The "time tested wisdom of the
separation of powers" requires courts to avoid "judicial legislation
in the guise of new constructions to meet real or supposed new popular viewpoints, preserving always
to the Legislature alone its proper prerogative of adjusting the
statutes to changed conditions." Pielech v. Massasoit Greyhound,
Inc., 423 Mass. 534, 539, 540 (1996), cert. denied, 520 U.S.

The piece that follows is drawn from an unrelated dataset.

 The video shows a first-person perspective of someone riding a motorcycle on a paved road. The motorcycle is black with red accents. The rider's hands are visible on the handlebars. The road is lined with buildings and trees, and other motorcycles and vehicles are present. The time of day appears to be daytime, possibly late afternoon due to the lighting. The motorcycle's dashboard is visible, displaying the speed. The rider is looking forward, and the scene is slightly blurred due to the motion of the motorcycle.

1131 (1997), quoting Commonwealth v. A Juvenile, 368 Mass.
580, 595 (1975).
In analyzing whether a statute satisfies the
rational basis standard, we look to the nature of the classification
embodied in the enactment, then to whether the statute serves a
legitimate State purpose, and finally to whether the classification
is reasonably related to the furtherance of that purpose. With this
framework, we turn to the challenged statute, G.L. c. 207, which
authorizes local town officials to issue licenses to couples of the
opposite sex authorizing them to enter the institution of civil
marriage.
1. Classification. The nature of the
classification at issue is readily apparent. Opposite-sex couples
can obtain a license and same-sex couples cannot. The granting of
this license, and the completion of the required solemnization of
the marriage, opens the door to many statutory benefits and imposes
numerous responsibilities. The fact that the statute does not permit
such licenses to be issued to couples of the same sex thus bars them
from civil marriage. The classification is not drawn between men and
women or between heterosexuals and homosexuals,
any of whom can obtain a license to marry a member of the opposite
sex; rather, it is drawn between same-sex couples and opposite-sex
couples.
2. State purpose. The court's opinion
concedes that the civil marriage statute serves legitimate State
purposes, but further investigation and elaboration of those
purposes is both helpful and necessary.
Civil marriage is the
institutional mechanism by which societies have sanctioned and
recognized particular family structures, and the institution of
marriage has existed as one of the fundamental organizing principles
of human society. See C.N. Degler, The Emergence of the Modern
American Family, in The American Family in Social-Historical
Perspective 61 (3d ed.1983); A.J. Hawkins, Introduction, in
Revitalizing the Institution of Marriage for the Twenty-First
Century: An Agenda for Strengthening Marriage xiv (2002); C. Lasch,
Social Pathologists and the Socialization of Reproduction, in The
American Family in Social-Historical Perspective, supra at
80; W.J. O'Donnell & D.A. Jones, Marriage and Marital
Alternatives 1 (1982); L. Saxton, The Individual, Marriage, and the
Family 229-230, 260 (1968); M.A. Schwartz & B.M. Scott,
Marriages and Families: Diversity and Change 4 (1994); Wardle,
"Multiply and Replenish": Considering Same-Sex Marriage in Light of
State Interests in Marital Procreation, 24 Harv.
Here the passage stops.